» Task statement
Word for word and without images, transcribe all of the records.

(Image-text web data)
:::

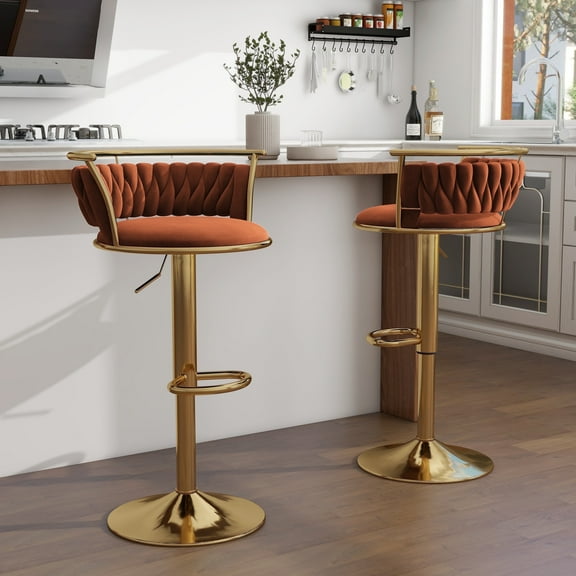 DREAMSIDEA Swivel Bar Stools Set of 2 Modern Velvet Upholstered High Back Adjustable Bar Chairs with Golden Footrest for Kitchen Counter Square Island, Orange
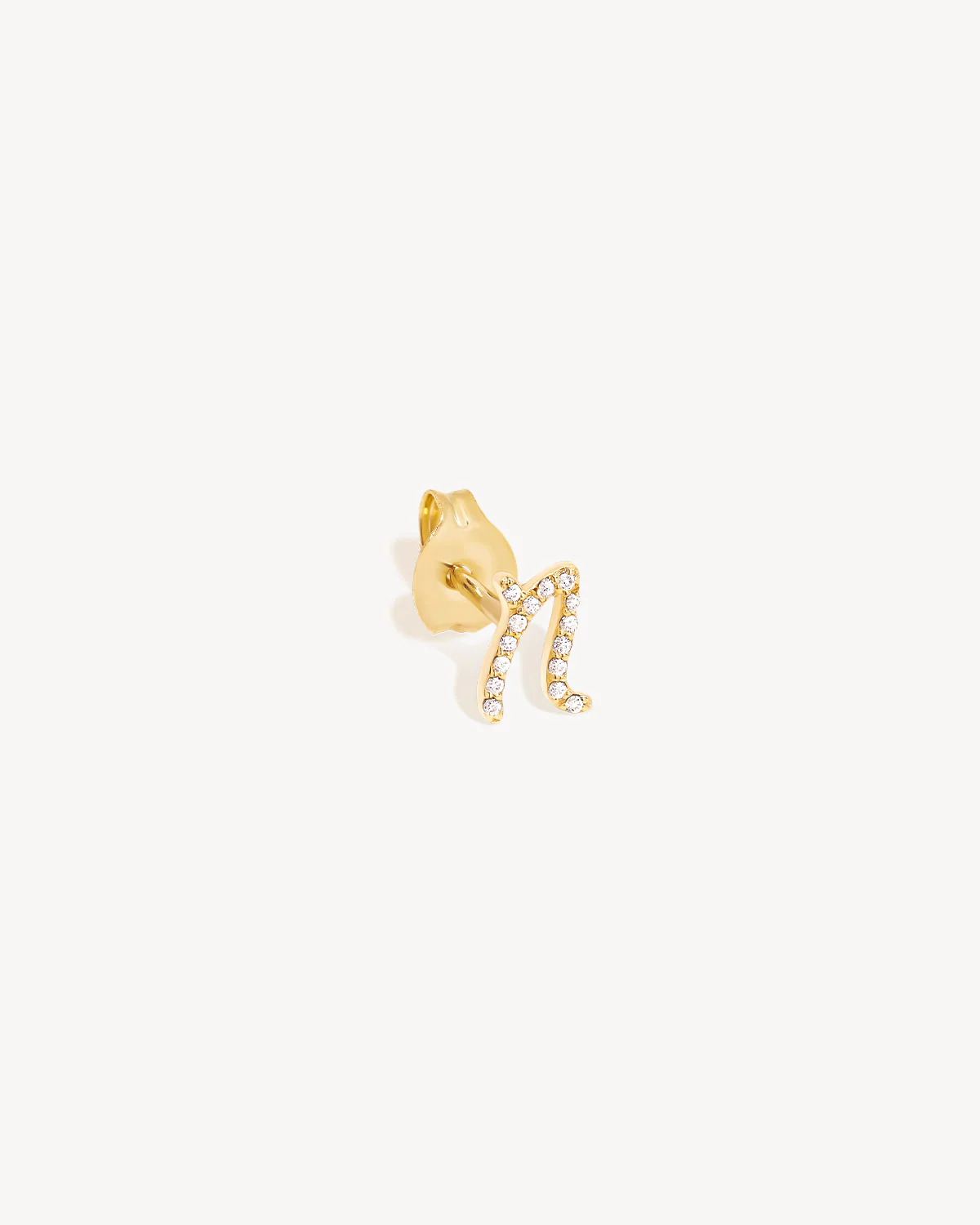 14k Solid Gold Forever Love Diamond Letter Earring - Image 31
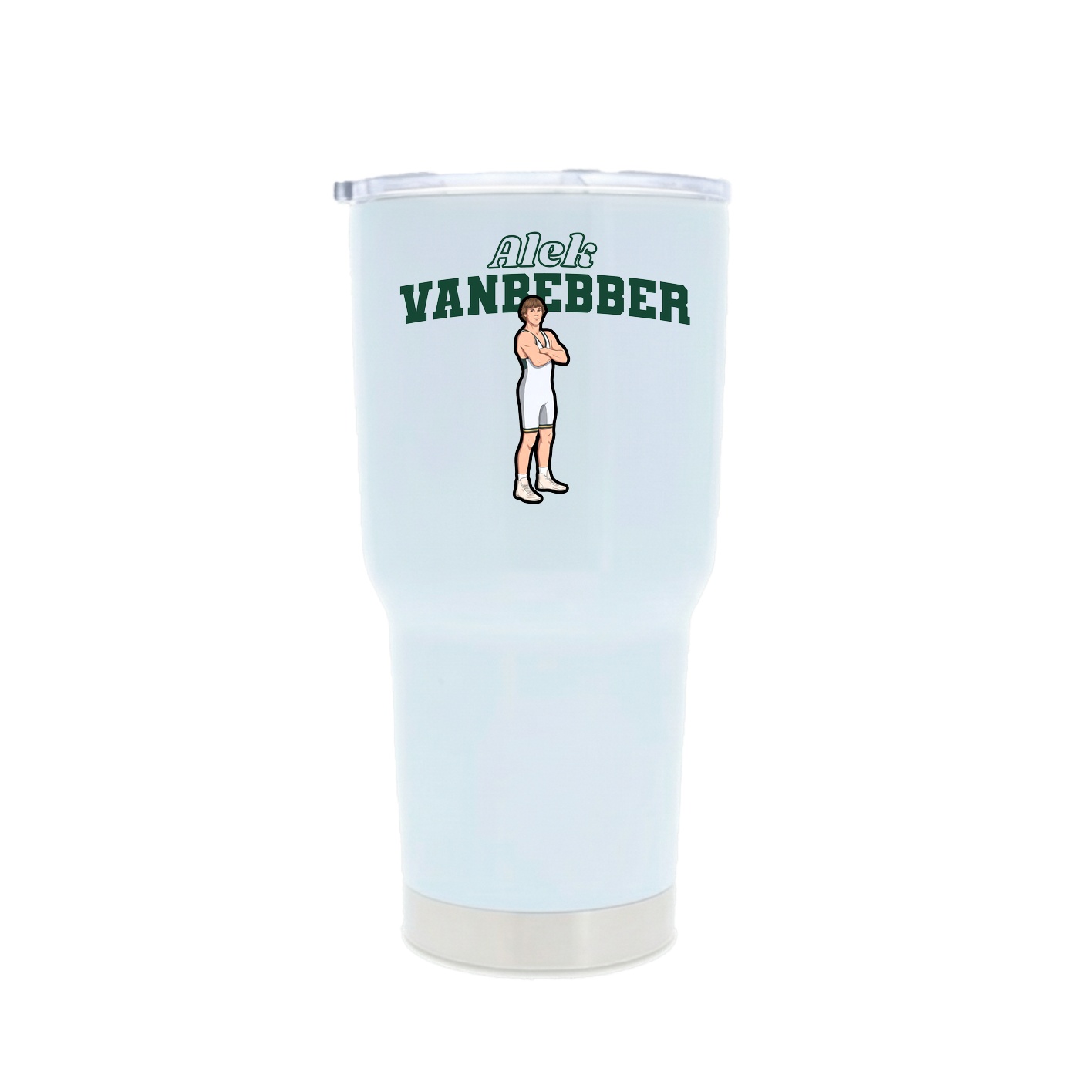30oz Stainless Steel Tumbler — Name Arch in White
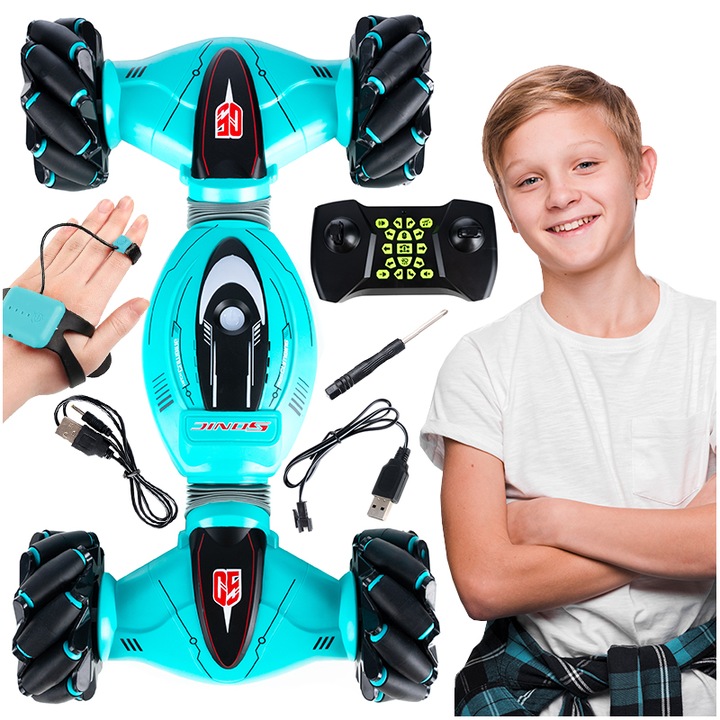 Samochód Zdalnie Sterowany Rc Twister Akrobacje Led Stunt 360 Dla Dzieci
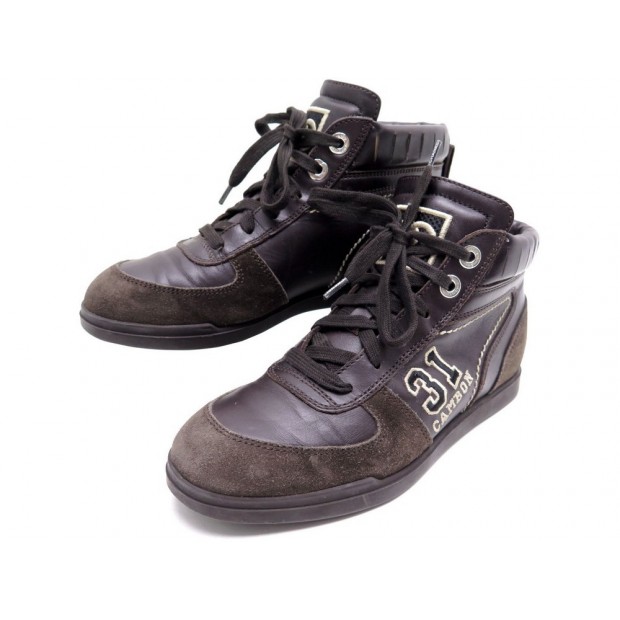 CHAUSSURES CHANEL G26532 BASKETS 31 RUE CAMBON 36 CUIR DAIM MARRON SNEAKERS 750€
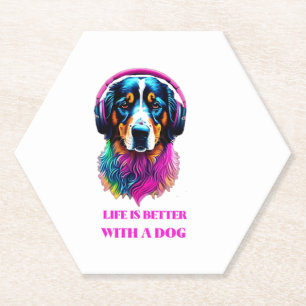 Life is Better with a Dog Paper Coaster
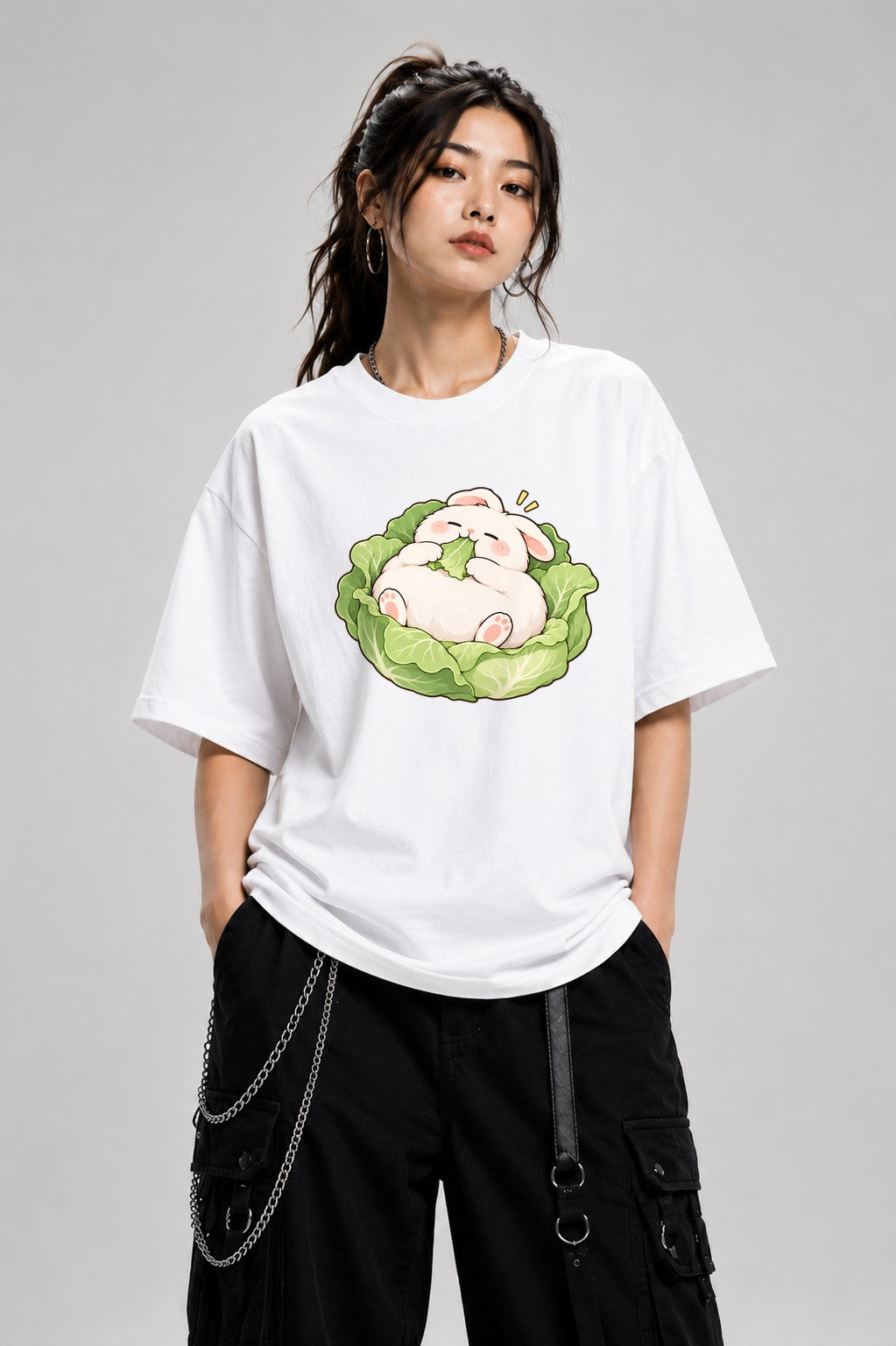 Cabbage Bunny Nap - White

:::

» Solution to this task
 DREAMSIDEA Swivel Bar Stools Set of 2 Modern Velvet Upholstered High Back Adjustable Bar Chairs with Golden Footrest for Kitchen Counter Square Island, Orange
 14k Solid Gold Forever Love Diamond Letter Earring - Image 31
30oz Stainless Steel Tumbler — Name Arch in White
 Samochód Zdalnie Sterowany Rc Twister Akrobacje Led Stunt 360 Dla Dzieci
 CHAUSSURES CHANEL G26532 BASKETS 31 RUE CAMBON 36 CUIR DAIM MARRON SNEAKERS 750€
 Life is Better with a Dog Paper Coaster
 Cabbage Bunny Nap - White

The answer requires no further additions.